La esclava a mi lado me tocó tímidamente.

—¿Puedo moverme para ganarme tu contacto, amo? —preguntó.

—Sí.

Sonreí para mí. Los fuegos de esclava, que habitan en cada mujer, habían aflorado muy fácilmente en esta chica.

—¡Muy desagradable! —dijo la mujer con el atuendo de cazador. Montaba un tharlarión.

Me di la vuelta y alcé la mirada. La esclava gritó afligida, sin atreverse a mirar a los ojos a su hermana libre.

—Saludos —dije yo.

—No quisiera interrumpir tus placeres —dijo ella fríamente.

—¿Has encontrado ya a tu esclavo? —pregunté.

—Pronto le atraparé —dijo ella—. No está muy lejos. —Hizo que el tharlarión diera la vuelta—. Vuelve a los placeres de tu zorra.

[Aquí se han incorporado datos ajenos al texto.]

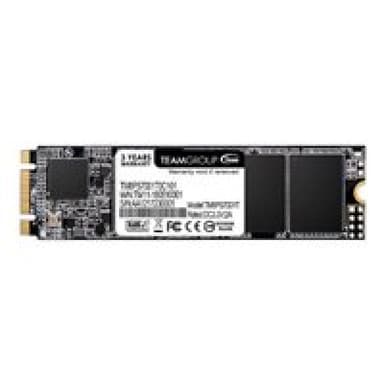 TEAM GROUP MS30 512GB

La mujer libre estaba a la orilla del estanque. No había desmontado. Tenía el arco listo. Estudió las huellas que encontró junto al estanque. Metió al tharlarión en el agua. Sin duda pensó que el hombre había vadeado el estanque para borrar las huellas, y que habría salido al otro lado. Si hubiera sido un cazador más experimentado, habría rodeado el estanque para asegurarse.

De pronto surgió del agua la figura de un hombre, justo al lado del tharlarión. Su mano agarró el brazo de la chica y la tiró de la silla. Ella gritó asombrada y cayó de cabeza al agua. El hombre la agarró bajo el agua.

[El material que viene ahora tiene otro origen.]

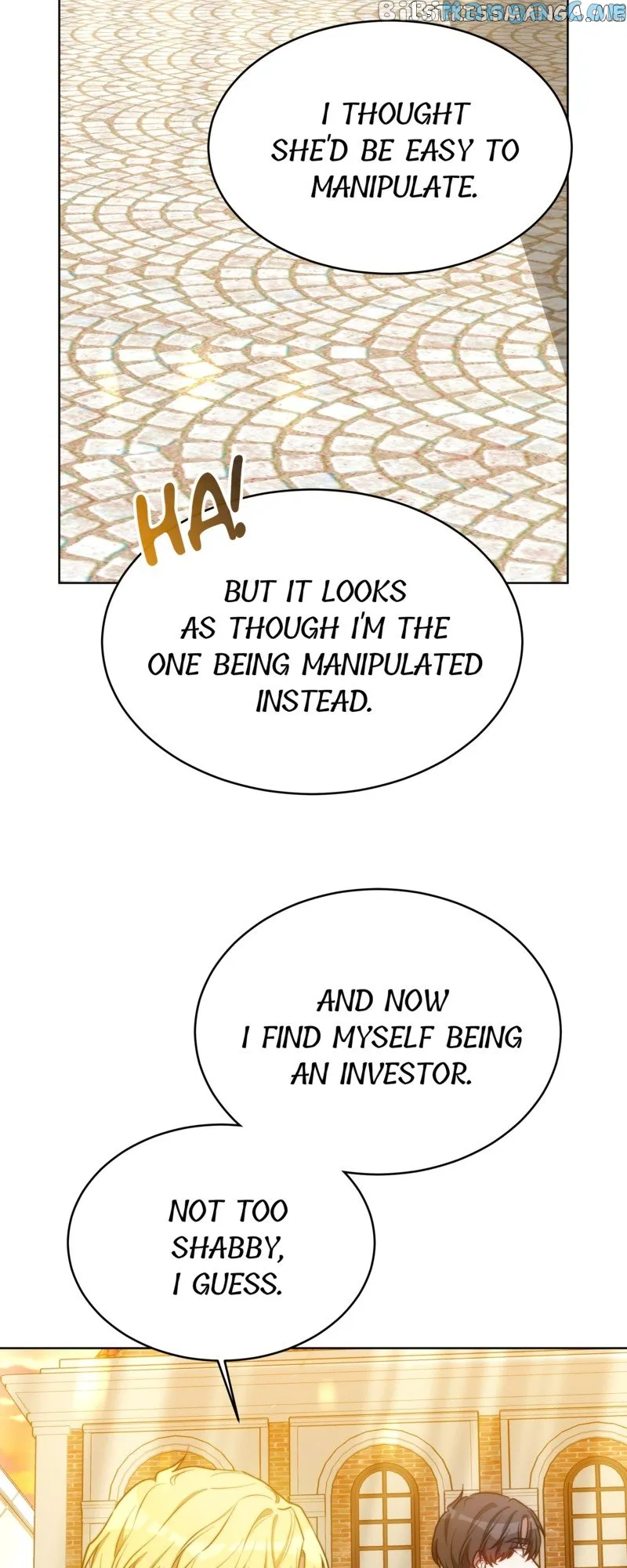 Chapter 13 - Image 26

—Sabía demasiado poco de los hombres para tenerles miedo —dije.

Al momento reapareció la figura, moviendo la cabeza para sacudirse el agua de los ojos. Tenía en la mano derecha el cuchillo de la chica; con la mano izquierda mantenía en el agua su cabeza. Miró a su alrededor. Dejó que la chica sacara la cabeza del agua, y ella salió resoplando y escupiendo. Cuando intentó gritar él volvió a meterla bajo la superficie. La sacó otra vez. La mujer escupió agua, tosió y vomitó. El hombre entonces se quitó el cinturón y con él le ató las manos a la espalda. Luego arrancó una caña. Ella le miraba asustada. Vi en la distancia a cuatro guardias que se movían rápidamente, intentando alcanzar a la mujer que se había separado de ellos por la vanidad de caer la primera sobre la presa. Al parecer había roto la línea de caza sin avisarles. Tal vez su tharlarión fuera más rápido que los otros; cargaba menos peso. Vi que el hombre le metía a la mujer en la boca el trozo de caña que había cortado, luego le puso el cuchillo en la garganta. Vi los aterrorizados ojos de la mujer a la luz de la luna. El hombre se puso otra caña en la boca y los dos desaparecieron bajo el agua.